The baby food producer, Osito, has spent two years meeting the targets established by the State without issues, although in mid-2019 they warned that the scarcity of inputs could affect their ability to deliver. Cuban consumers have met with ire the successes as well as the failures of production, they fear its absence or consider the allowable amount to be too low (seven servings per month), without realizing how harmful the added sugars are, especially for children.

Covering a pacifier in sugar, placing honey on a baby’s lips to calm him or her, adding sweeteners to infant’s milk from a very early age and other practices like these continue to be a constant in Cuban households where sugar is still viewed as a food with high nutritional value.

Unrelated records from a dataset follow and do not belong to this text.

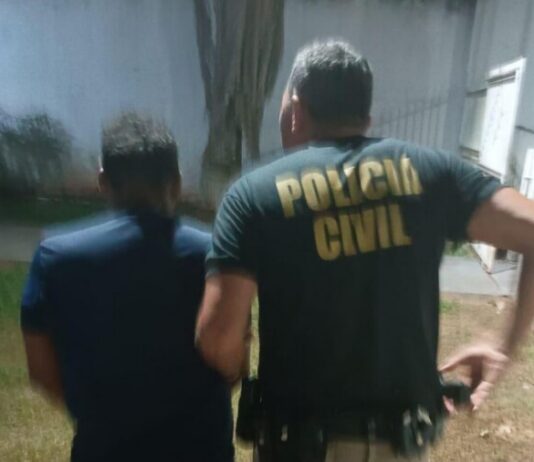 Tio é surpreendido pelo sobrinho e morto com tiro de espingarda no interior do Amazonas Tio é surpreendido pelo sobrinho e morto com tiro de espingarda no interior do Amazonas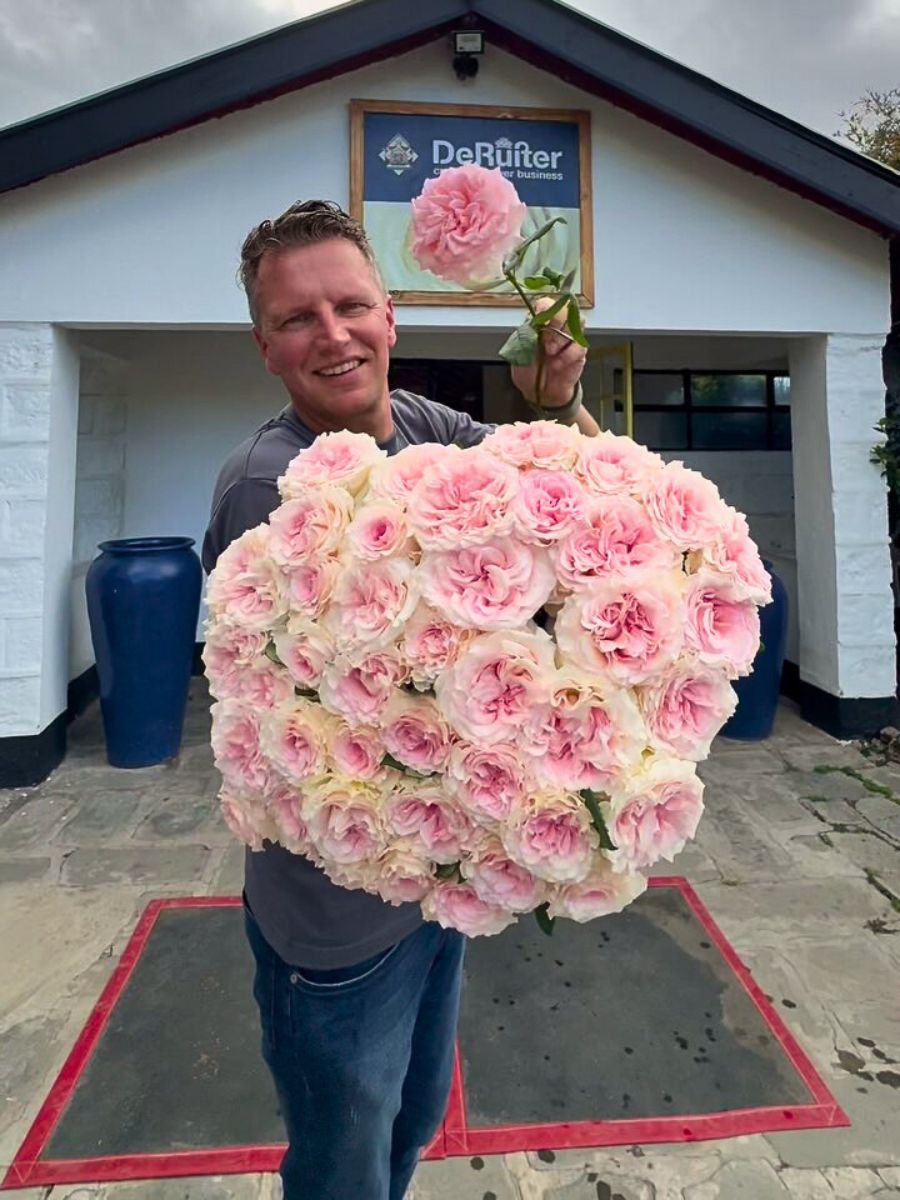 Peter van Delft Explore Nature's Floral Wonders Through Kenya's Flower Safaris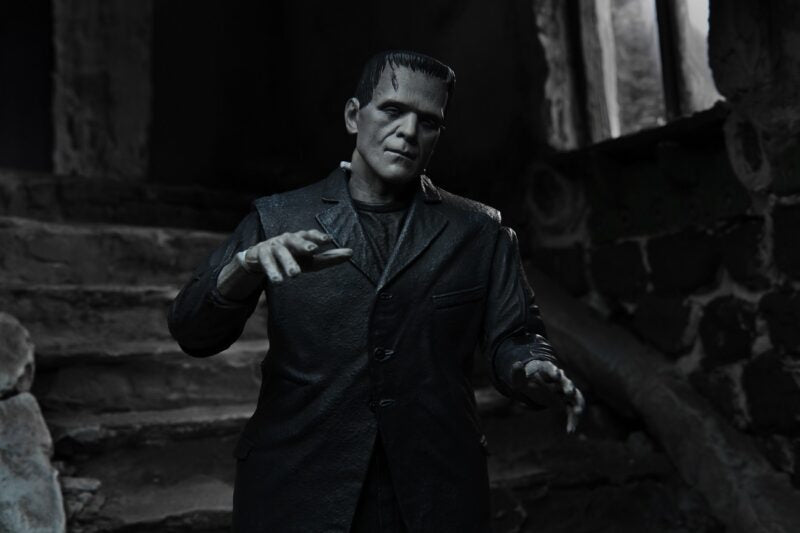 Universal Monsters - 7" Scale Action Figure - Ultimate Frankenstein's Monster (Black & White)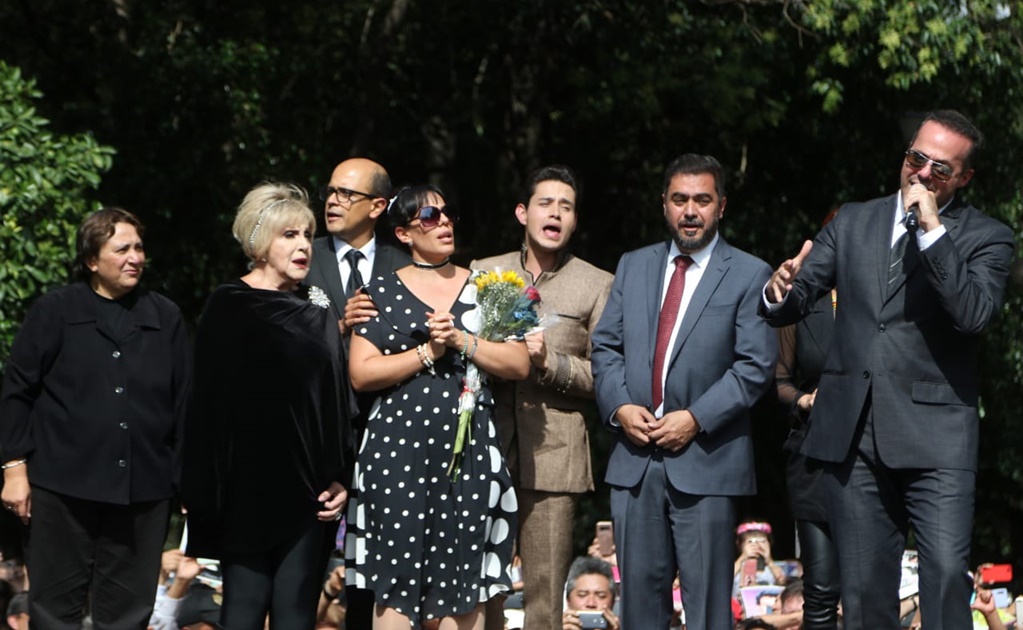 José Joel canta en el Parque de la China y desafina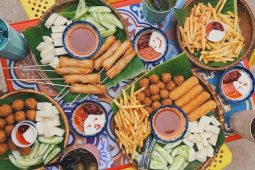 Famous Street Food Dishes in Hanoi (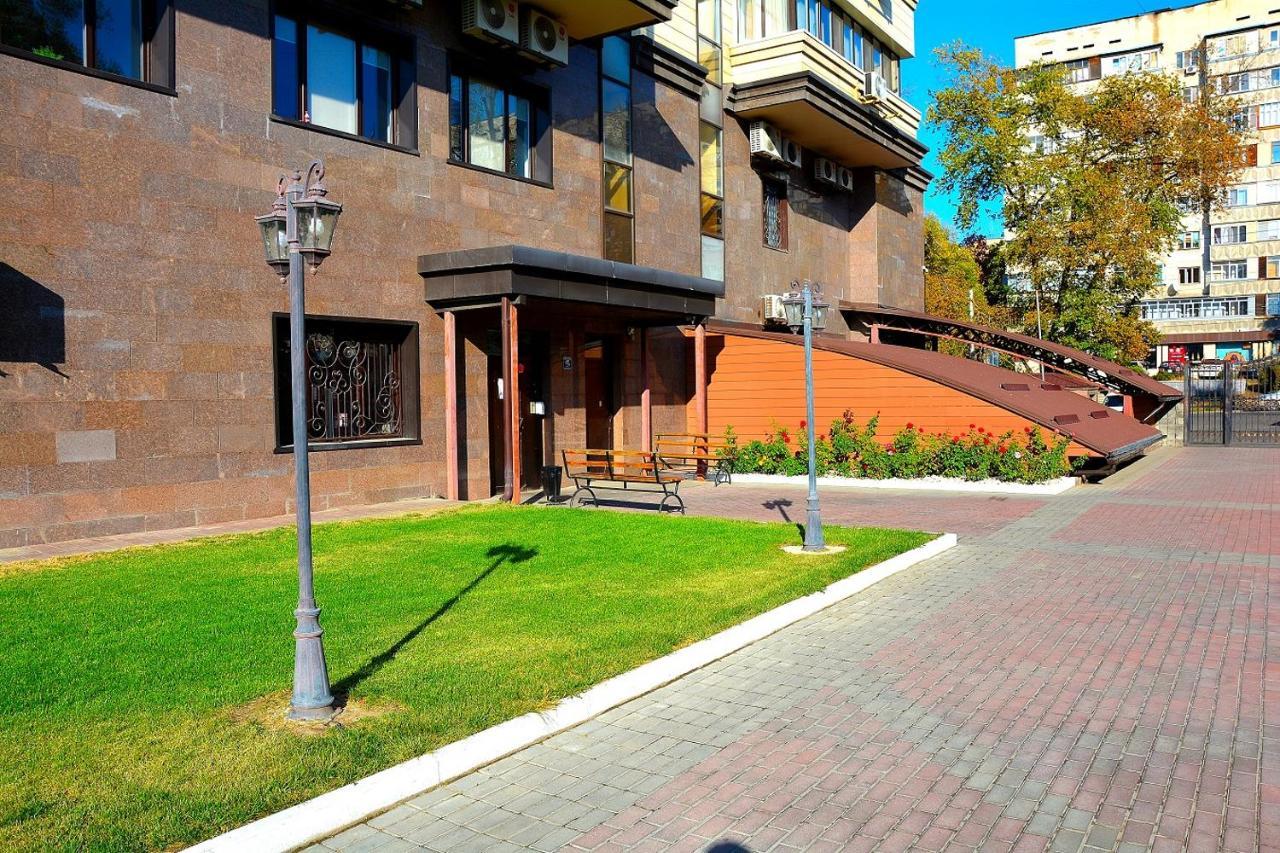 Уютная 2-Комнатная Квартира В Центре Г. Алматы Exterior foto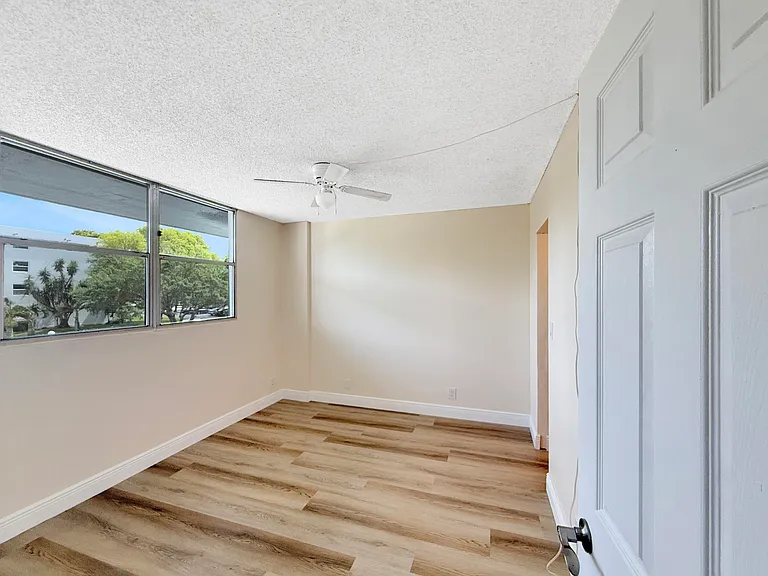 113 Royal Park Dr #2C — Photo 19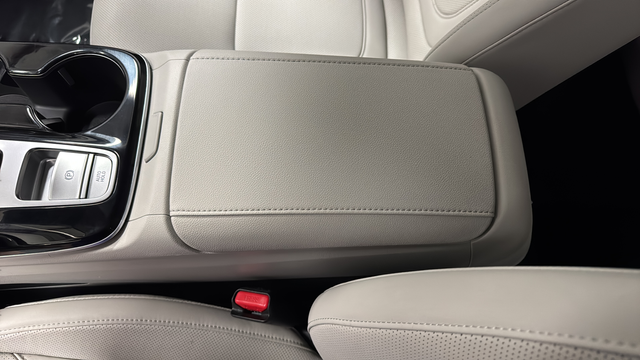 Used 2024 White Pearl Hyundai SEL Convenience image 20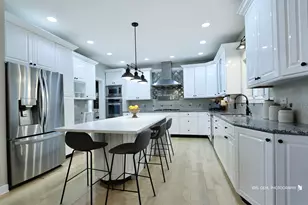 23475 W Newhaven Dr, Hawthorn Woods, IL 60047 - Photo 17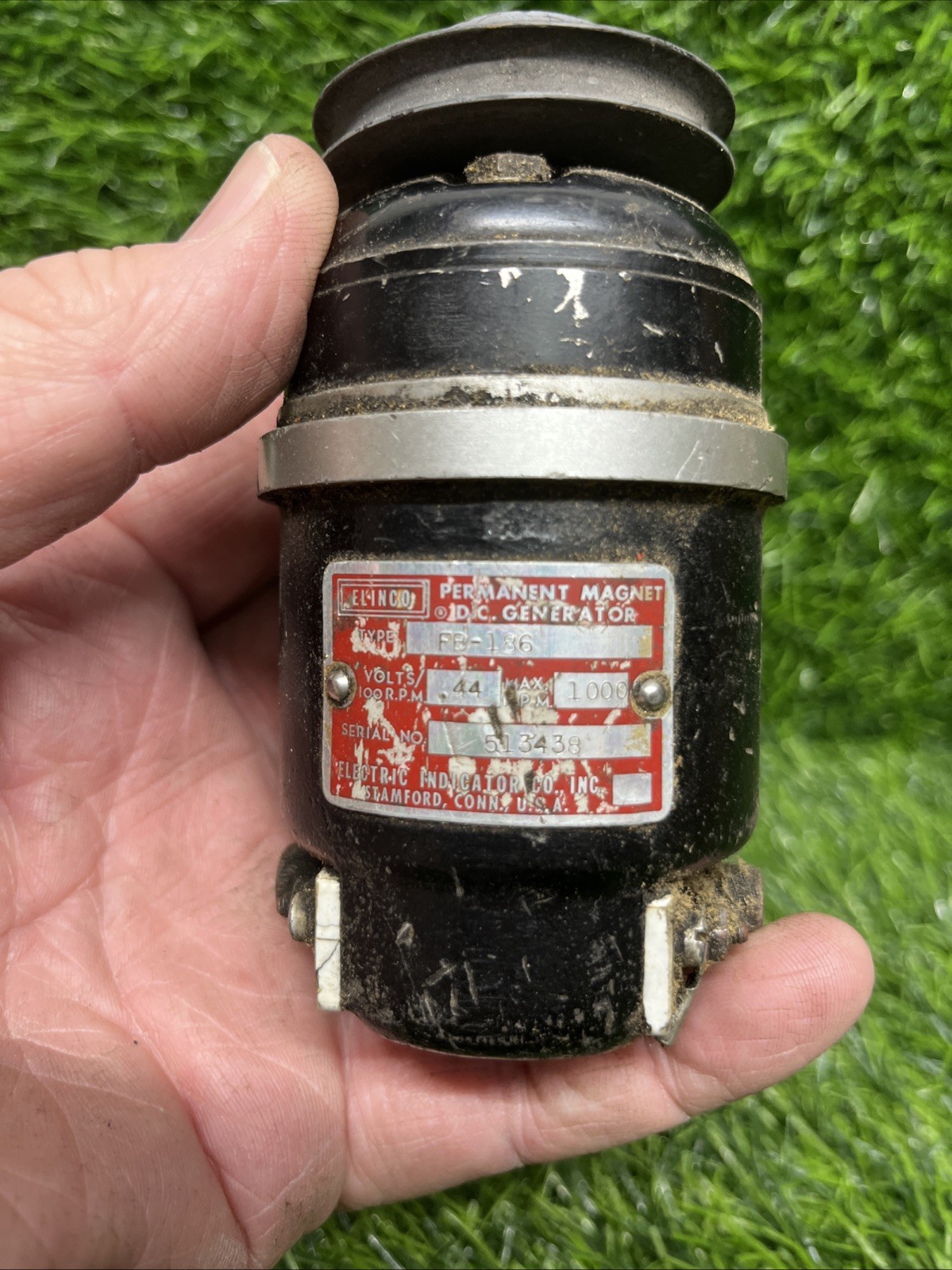 Elinco FB-186-3 Permanent Magnet DC Generator Motor Tachometer 4.4 v/1000 RPM Z3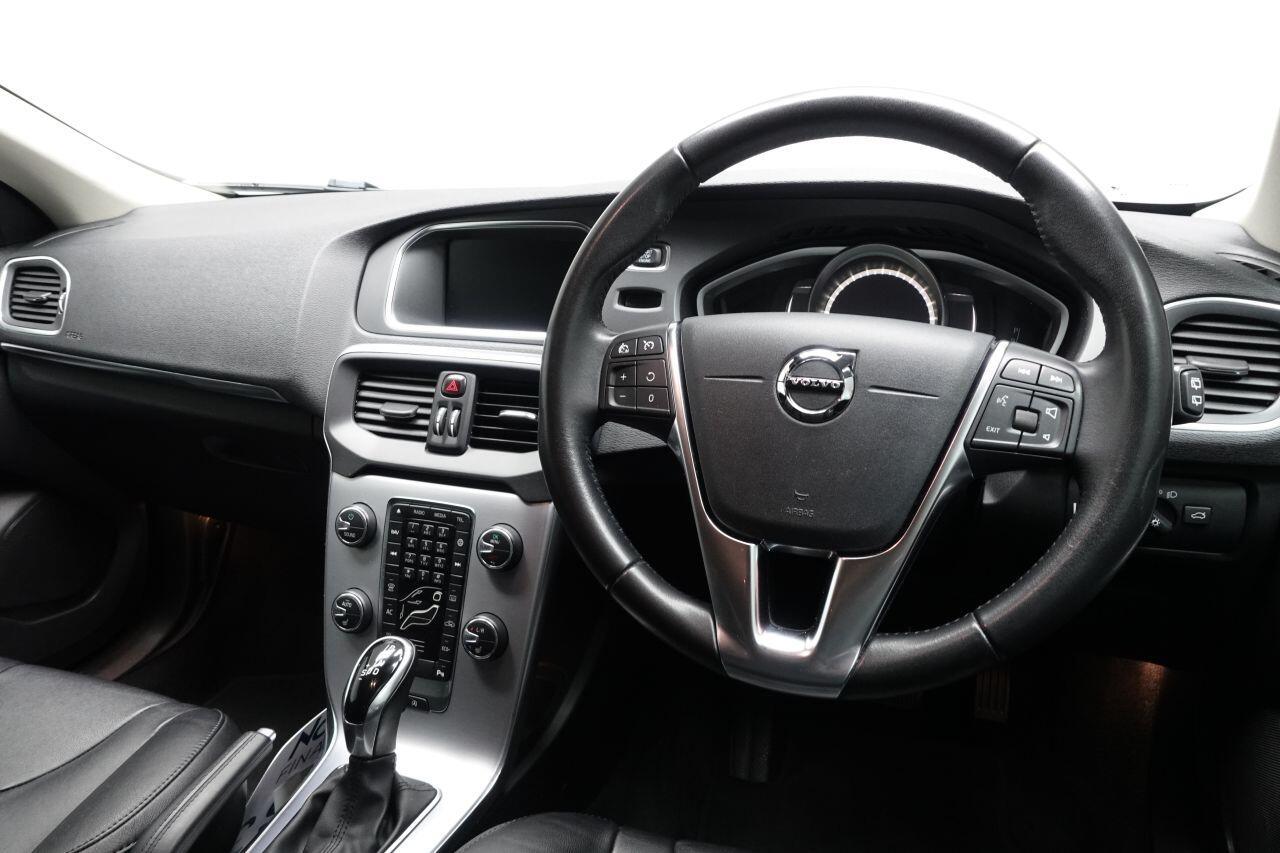 Volvo V40 - Image 15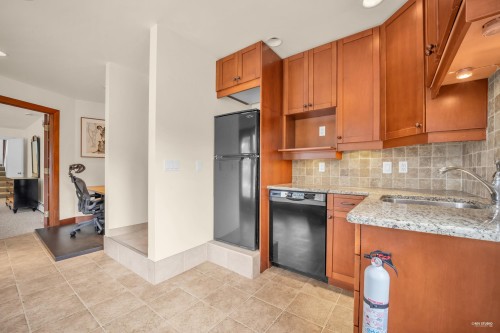 2136 Lockehaven Road, North Vancouver, BC 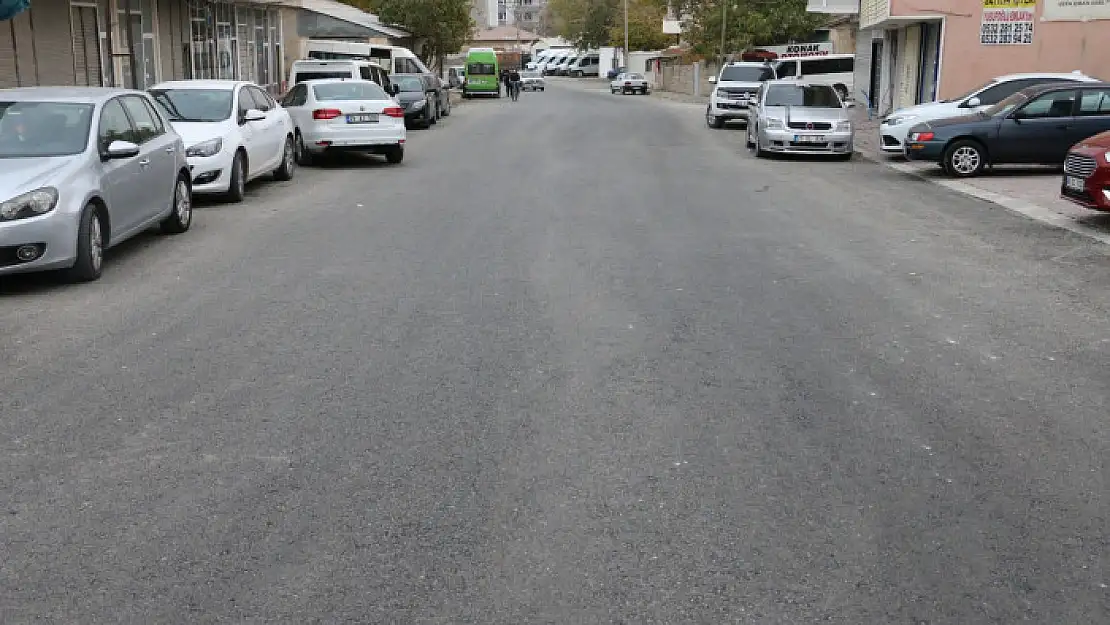 Erciş Belediyesi Tugay Caddesi'ni yeniledi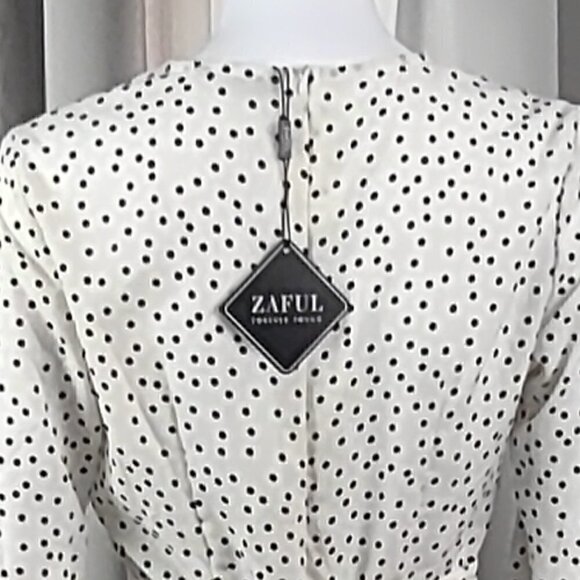 Zaful Black & White Spotted Belted Peplum Ruffle Bottom Romper Size 4 NWT - Picture 10 of 13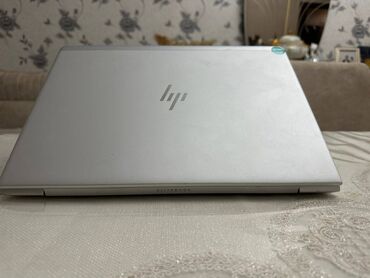 Skanerlər: HP 14.1 ", AMD Ryzen 3, 256 GB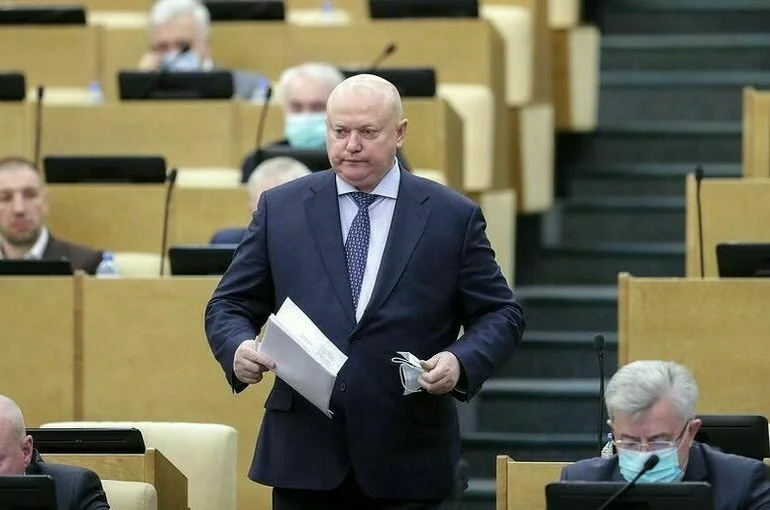 Красов поприветствовал участников VII Международного благотворительного кадетского бала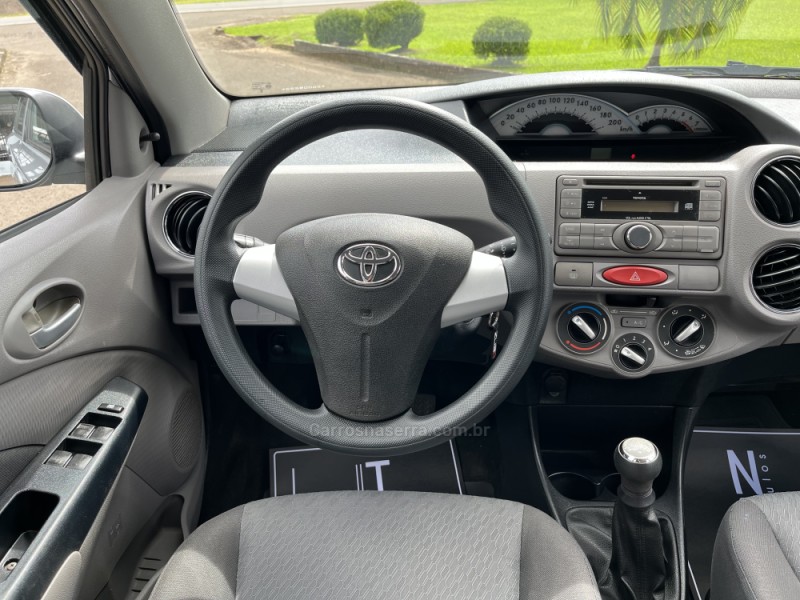 ETIOS 1.5 XLS 16V FLEX 4P MANUAL - 2014 - BOM PRINCíPIO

In the country which yesteryear was the “the world’s sugar producer,” around two kilograms per person per month are subsidized and distributed through rationed markets. In addition, several recipes for syrup-covered sweets, flans, puddings, custards and candies are consumed each day by households on the Island.

Despite recognition by the Ministry of Public Health at the end of 2020 that the prevalence of diabetes mellitus was 66.9 per 1,000, official channels have not adopted a campaign centered on reducing sugar consumption. In school lunchrooms, day cares and fairs organized by the State, sweet foods are a priority.

With the subsidized sugar, the Cuban Government manages to meet the daily caloric requirements that the FAO (United Nations Food and Agriculture Organization) recommends per person to maintain health and develop functionally.